(Input data)

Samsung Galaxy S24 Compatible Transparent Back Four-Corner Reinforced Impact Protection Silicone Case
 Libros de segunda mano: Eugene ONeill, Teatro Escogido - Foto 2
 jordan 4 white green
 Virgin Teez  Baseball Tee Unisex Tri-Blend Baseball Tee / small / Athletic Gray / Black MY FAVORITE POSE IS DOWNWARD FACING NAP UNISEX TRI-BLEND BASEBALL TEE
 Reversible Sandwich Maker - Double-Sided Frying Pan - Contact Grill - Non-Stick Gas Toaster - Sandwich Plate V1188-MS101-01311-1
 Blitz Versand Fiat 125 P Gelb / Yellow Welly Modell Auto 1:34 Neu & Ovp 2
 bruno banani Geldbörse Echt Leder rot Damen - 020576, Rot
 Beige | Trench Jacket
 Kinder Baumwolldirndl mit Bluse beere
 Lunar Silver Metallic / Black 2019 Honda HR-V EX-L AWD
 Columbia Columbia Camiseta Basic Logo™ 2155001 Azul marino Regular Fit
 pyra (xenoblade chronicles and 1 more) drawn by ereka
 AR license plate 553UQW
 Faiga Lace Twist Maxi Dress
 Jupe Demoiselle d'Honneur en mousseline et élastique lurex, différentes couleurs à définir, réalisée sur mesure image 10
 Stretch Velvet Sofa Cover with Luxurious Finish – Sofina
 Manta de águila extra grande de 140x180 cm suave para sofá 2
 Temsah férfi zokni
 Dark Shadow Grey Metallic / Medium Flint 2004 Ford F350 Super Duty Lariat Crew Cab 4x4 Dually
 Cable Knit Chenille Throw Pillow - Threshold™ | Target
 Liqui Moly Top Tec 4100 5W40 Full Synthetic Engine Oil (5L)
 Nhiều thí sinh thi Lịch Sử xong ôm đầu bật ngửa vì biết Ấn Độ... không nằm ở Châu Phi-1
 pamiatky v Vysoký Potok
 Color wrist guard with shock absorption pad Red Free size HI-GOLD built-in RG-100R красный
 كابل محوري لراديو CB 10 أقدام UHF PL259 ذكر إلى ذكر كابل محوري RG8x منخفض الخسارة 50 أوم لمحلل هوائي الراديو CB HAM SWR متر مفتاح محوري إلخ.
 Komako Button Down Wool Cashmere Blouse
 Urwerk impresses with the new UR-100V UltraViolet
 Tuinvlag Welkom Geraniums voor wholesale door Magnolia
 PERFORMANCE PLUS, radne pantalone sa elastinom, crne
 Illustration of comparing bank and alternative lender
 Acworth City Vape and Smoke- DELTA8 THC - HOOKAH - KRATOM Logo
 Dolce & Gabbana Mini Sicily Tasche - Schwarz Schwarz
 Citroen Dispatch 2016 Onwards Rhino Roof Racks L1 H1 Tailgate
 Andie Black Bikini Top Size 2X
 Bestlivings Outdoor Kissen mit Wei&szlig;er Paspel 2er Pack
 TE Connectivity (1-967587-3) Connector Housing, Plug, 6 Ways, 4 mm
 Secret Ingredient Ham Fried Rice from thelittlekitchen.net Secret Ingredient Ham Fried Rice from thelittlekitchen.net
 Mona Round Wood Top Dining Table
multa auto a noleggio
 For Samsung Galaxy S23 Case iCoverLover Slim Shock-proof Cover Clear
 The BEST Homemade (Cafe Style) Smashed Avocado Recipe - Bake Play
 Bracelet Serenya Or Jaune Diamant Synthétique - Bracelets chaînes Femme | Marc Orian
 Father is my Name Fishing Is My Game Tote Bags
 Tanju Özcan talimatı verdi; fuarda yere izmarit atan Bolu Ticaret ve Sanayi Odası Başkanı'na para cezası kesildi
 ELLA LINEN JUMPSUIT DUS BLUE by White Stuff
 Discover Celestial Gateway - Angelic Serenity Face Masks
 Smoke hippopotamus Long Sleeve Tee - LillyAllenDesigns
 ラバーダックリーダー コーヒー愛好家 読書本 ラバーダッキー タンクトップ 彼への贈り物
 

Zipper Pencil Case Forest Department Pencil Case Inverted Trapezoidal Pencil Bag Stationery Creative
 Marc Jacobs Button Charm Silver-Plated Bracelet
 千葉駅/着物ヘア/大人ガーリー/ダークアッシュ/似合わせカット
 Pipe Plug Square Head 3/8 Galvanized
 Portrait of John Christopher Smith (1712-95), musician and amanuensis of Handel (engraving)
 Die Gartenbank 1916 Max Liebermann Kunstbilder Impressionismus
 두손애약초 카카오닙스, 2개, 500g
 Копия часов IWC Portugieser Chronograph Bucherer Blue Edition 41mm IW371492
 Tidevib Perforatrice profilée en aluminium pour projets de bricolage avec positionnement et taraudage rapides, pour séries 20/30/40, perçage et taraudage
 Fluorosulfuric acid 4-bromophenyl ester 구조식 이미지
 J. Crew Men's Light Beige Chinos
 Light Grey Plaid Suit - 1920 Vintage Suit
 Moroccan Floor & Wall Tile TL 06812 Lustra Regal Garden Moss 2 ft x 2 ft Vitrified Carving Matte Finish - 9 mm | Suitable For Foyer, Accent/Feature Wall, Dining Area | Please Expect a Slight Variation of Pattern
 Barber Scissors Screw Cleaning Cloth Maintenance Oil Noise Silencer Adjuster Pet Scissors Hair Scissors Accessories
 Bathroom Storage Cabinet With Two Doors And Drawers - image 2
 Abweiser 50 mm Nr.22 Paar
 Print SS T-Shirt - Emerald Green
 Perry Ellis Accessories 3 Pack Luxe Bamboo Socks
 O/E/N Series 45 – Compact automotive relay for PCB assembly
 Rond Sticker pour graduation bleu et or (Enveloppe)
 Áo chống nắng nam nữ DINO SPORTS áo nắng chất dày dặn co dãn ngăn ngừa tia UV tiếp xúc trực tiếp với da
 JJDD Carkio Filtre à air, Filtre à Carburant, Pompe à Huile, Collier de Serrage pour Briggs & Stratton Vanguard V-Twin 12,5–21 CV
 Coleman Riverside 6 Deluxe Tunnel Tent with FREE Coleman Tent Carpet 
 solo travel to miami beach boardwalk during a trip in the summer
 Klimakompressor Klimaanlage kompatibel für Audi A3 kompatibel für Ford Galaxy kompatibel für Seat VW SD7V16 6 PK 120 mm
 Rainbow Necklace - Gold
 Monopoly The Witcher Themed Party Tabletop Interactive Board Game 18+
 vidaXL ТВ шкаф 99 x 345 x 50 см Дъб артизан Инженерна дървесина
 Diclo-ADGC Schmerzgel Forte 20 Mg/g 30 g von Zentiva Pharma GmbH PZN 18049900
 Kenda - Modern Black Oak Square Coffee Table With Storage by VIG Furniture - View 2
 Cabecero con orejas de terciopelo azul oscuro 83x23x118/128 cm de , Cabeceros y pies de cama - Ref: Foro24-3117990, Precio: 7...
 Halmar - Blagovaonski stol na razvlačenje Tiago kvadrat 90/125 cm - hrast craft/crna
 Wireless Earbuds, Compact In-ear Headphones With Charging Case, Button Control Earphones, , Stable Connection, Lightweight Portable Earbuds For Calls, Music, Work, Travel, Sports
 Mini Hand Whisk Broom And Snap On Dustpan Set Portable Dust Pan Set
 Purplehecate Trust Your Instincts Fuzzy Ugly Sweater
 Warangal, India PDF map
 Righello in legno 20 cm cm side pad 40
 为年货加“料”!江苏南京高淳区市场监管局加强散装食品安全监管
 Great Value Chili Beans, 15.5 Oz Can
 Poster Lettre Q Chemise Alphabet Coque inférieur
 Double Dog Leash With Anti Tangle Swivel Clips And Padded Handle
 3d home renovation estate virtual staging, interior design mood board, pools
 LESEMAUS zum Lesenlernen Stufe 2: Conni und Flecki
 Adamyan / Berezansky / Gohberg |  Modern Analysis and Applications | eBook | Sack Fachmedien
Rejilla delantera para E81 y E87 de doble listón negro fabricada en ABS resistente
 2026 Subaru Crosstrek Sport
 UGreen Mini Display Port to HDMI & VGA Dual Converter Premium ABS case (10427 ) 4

(End Input data)

= What the task asks =
Only the lines above from the one with "Stretch Velvet Sofa" up to and including the one with "Color wrist guard" should be repeated, exactly as written.

= Response =
 Stretch Velvet Sofa Cover with Luxurious Finish – Sofina
 Manta de águila extra grande de 140x180 cm suave para sofá 2
 Temsah férfi zokni
 Dark Shadow Grey Metallic / Medium Flint 2004 Ford F350 Super Duty Lariat Crew Cab 4x4 Dually
 Cable Knit Chenille Throw Pillow - Threshold™ | Target
 Liqui Moly Top Tec 4100 5W40 Full Synthetic Engine Oil (5L)
 Nhiều thí sinh thi Lịch Sử xong ôm đầu bật ngửa vì biết Ấn Độ... không nằm ở Châu Phi-1
 pamiatky v Vysoký Potok
 Color wrist guard with shock absorption pad Red Free size HI-GOLD built-in RG-100R красный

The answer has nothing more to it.